"I wonder what I ought to do," she thinks. "Is it dangerous to go on with this? The case looks so different to just 'us two' to what it would, to an outsider. And though I might send him away now, we should be sure to meet again at some period or another. The world is never wide enough to part those who ought to be parted. And the poor fellow is so unhappy. No one understands him as I do. I know in books whenever there is anything of this sort, any danger, the two people always go into heroics, and part nobly, and have fearful sufferings to endure; but then in the third volume everything is sure to come right. If I thought, if I knew there would be a third volume in our lives... Ah, dear me, when do things ever come right in real life? Never, never, never." With a weary sigh that ends these thoughts she locks the letter away.

Far enough is she from guessing then what will soon put it and the writer out of her thoughts.

Meanwhile the Lady Etwynde is seriously disturbed and perplexed. She is too genuinely fond of Lauraine not to perceive that she has some inward trouble weighing on her mind, and yet she does not ask its nature, or even appear to notice it. She knows the girl is pure-minded, loyal, self-controlled; but so have been other women, who, beneath a sudden tempting—a fierce, wild, incomprehensible passion—have fallen from their high estate. And there is that in and about Lauraine that betrays that she could love very deeply, very passionately, with that absorption of herself into what she loves that is so dangerous a trait in any woman's character. To the weak, the placid, the prosaic, the cold, such a nature as this is quite incomprehensible. To the untempted it is so easy to be strong; to the cold, so easy to be virtuous. The conquest of self seems so possible when you have not to count the cost. To yourself? ah, no, not to yourself, but to one other who is all the world to you, and whose pain and sorrow intensify your own till the agony grows too much for human strength to bear.

Lady Etwynde had no personal experience to guide her through this maze of conclusions; but she had an immense amount of sympathy, and an infinite tenderness of nature. It pleased her to veil and deny this to the world at large, but it made her all the more beloved by the chosen few whom she neither could nor would deceive.

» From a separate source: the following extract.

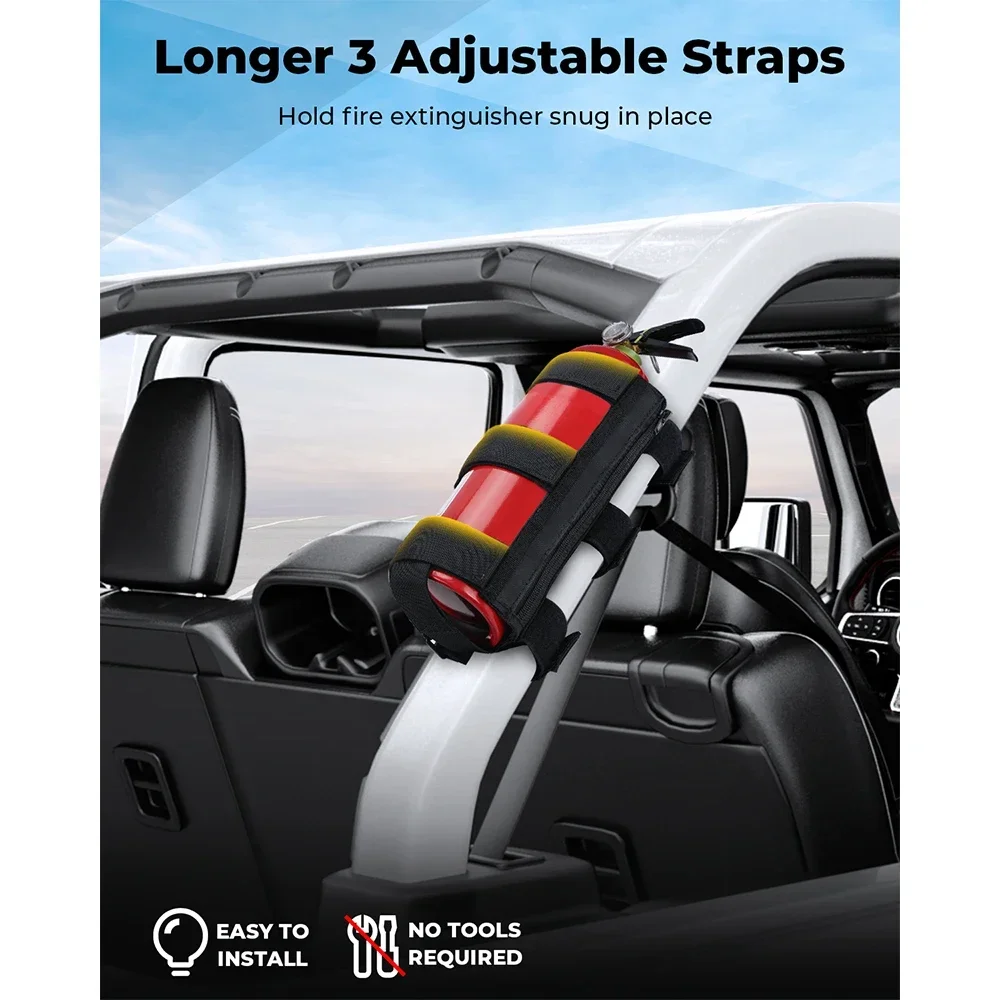 Adjustable Fire Extinguisher Holder compatible with Wrangler JK JL JLU YJ & Gladiator JT & Bronco with Roll Bar Bracket Holder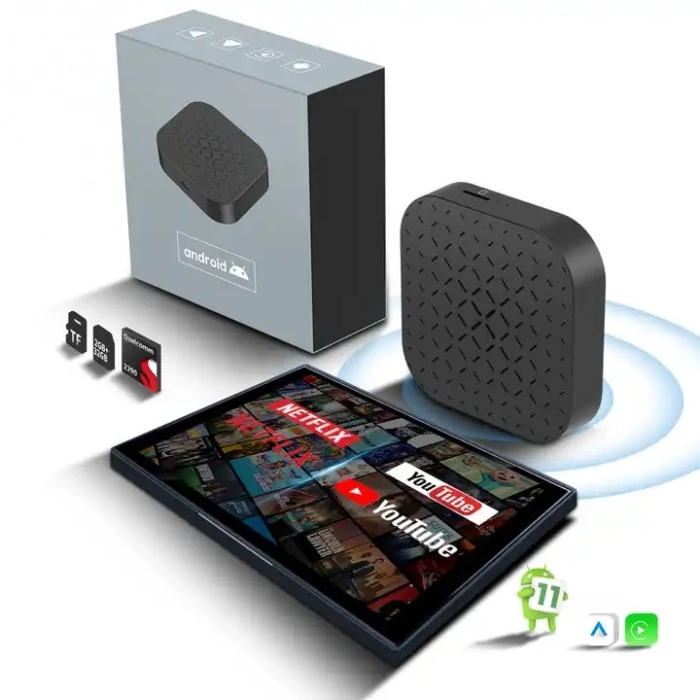 Carlinkit Carplay Ai Box USB 2gb + 16GB Stereo Evrensel Android Oto Kablosuz Carplay Ai Kutusu - Youtube, Netflix, Disney+, Google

For Lauraine she had conceived a strong liking, not the mere pretty, gushing fancy that stands in lieu of friendship with so many women of the world; but an earnest and appreciative affection that would serve and stand by her all her life. She had a shrewd suspicion that all was not right with her; some care, some secret trouble, was preying on her mind, she felt assured.

"Perhaps, in time, she will tell me," she thinks to herself. "I hope she may. I might help her. Brooding over these things with one's self always makes them worse. What a woman can't talk of is bad for her. It eats into her heart and life, and absorbs all that is best in both. There is a disdain, a weariness about Lauraine unnatural in one so young. She loves her child, that one can see; but apart and aside from him she seems to have no life, no interest. Apathy, indifference, despair; those are not things that should be about her yet; but I know they are. And why?"

The dinner-bell sounds, and puts an end to her reflections, and she goes down the great oak staircase in her floating, artistic draperies, and, despite her beauty and her picturesqueness, actually has the bad taste to murmur

"What a comfort there are no men here!"